[Data block Boundary: Start]
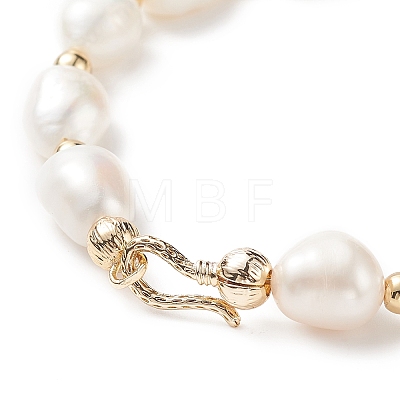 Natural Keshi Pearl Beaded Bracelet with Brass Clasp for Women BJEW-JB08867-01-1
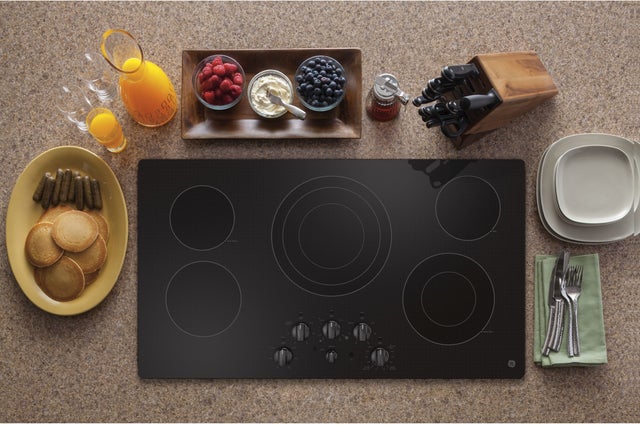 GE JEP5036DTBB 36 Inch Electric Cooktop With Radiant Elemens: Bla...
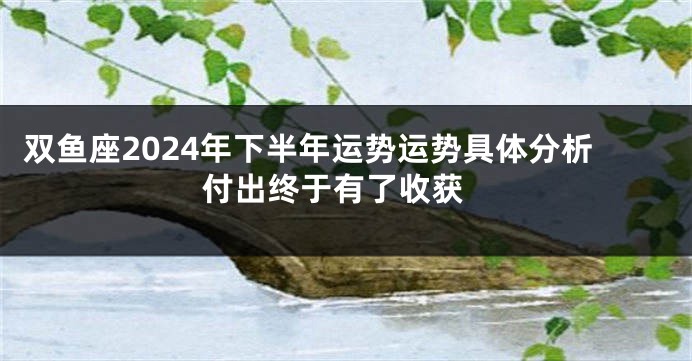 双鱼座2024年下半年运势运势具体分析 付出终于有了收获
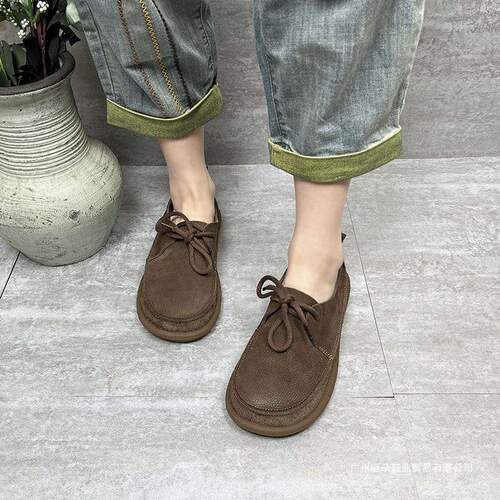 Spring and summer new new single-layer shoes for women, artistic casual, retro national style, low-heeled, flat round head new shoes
[Data block Boundary: End]
→ What you have to do
Please copy exactly the lines from the one that contains "GE JEP5036DTBB 36" through the last line of the listing above, leaving out the pictures.

→ Solution to the exercise
 GE JEP5036DTBB 36 Inch Electric Cooktop With Radiant Elemens: Bla...
 双鱼座2024年下半年运势运势具体分析 付出终于有了收获
 Spring and summer new new single-layer shoes for women, artistic casual, retro national style, low-heeled, flat round head new shoes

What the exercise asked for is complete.